En el otro escritorio tampoco había nadie. El empleado con sus bigotes y sus cejas hirsutas había ido también tras el biombo. La gente que había estado esperando en las bancas del fondo de la sala había empezado a retirarse, también los que se habían recostado contra la pared. Se veía más grande la sala, apenas cortada en dos por la fila del cienpiés que llegaba apretujada hasta la ventanilla. En medio reconoció a los dos hombres gordos y las mujeres vestidas de negro; el sol empezaba a iluminarlos por sobre sus cabezas y en el rayo amarillo danzaban minúsculas partículas de polvo. Todos permanecían en un absoluto silencio y el tic tac del reloj de pared lo rompía segundo a segundo. Surgido desde detrás del biombo apareció el empleado que lo atendería. No se dirigió a él, sino que se fue hasta la ventanilla y bajó una puerta de madera que cerraba los dos huecos y por donde tenía la lectura de "CERRADO". Luego giró hasta donde él se encontraba. Vio que su cara estaba oculta por una barba negra y unos bigotes inmensos. Las cejas se alzaban tapando sus ojos y cubrían parte de su frente. Lo único visible era la punta de la nariz que emergía como la proa de un barco entre esa maraña de pelos. Cuando la gente vio caer la ventanilla empezó a irse y el cienpiés se desarmaba a pedazos hasta despejar la sala. Sólo quedaron él y el empleado que le miraba con obstinación.

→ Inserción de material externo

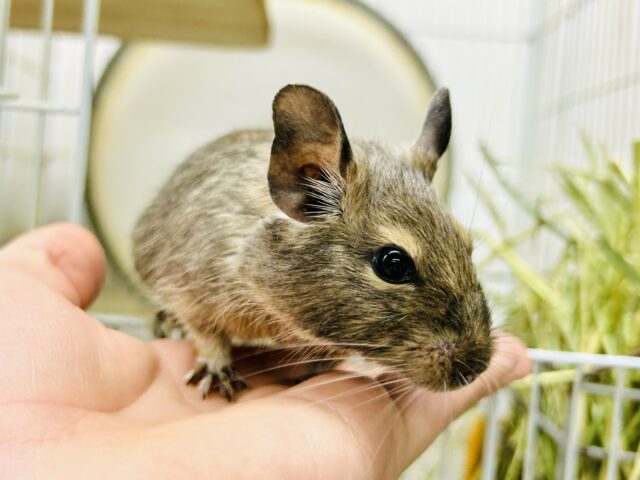 【最新画像更新☆☆】グイグイ甘ったれさん(*’ω’*)　デグー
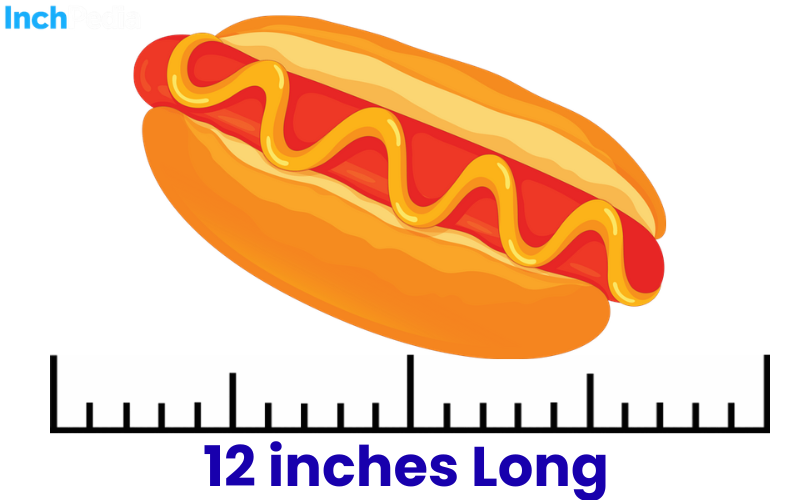 How Long Is 12 Inches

- Ya cerramos, señor. Puede regresar mañana. Antonio no dijo nada y se caló el sombrero y traspasó la puertecilla del mostrador. Antes de salir, vio que el empleado tomaba una punta de sus cejas y tiraba de ella hasta desprenderla. Luego hizo lo mismo con la otra. Enseguida la barba y los bigotes siguieron la misma suerte hasta que reconoció al primer empleado de la ventanilla. Lentamente salió de la sala que hasta el sol había abandonado. En la calle también oscurecía. Tuvo conciencia de que la modorra del cienpiés aún lo poseía y alargó el paso. Al segundo intento sus piernas cubrieron un espacio mayor. Ahora estiró sus brazos. Primero uno y luego el otro. Movió los hombres, el cuello, flexionó largamente las piernas y enseguida se lanzó a correr. Sus narices dilatadas tomaban vivamente el aire y su cuerpo empezaba a responder circulando con fuerza su sangre. Siguió corriendo cada vez a mayor velocidad mientras una alegría intensa empezaba a invadirlo. Aún presionó su cuerpo para un esfuerzo supremo que no pararía hasta llegar al cerro.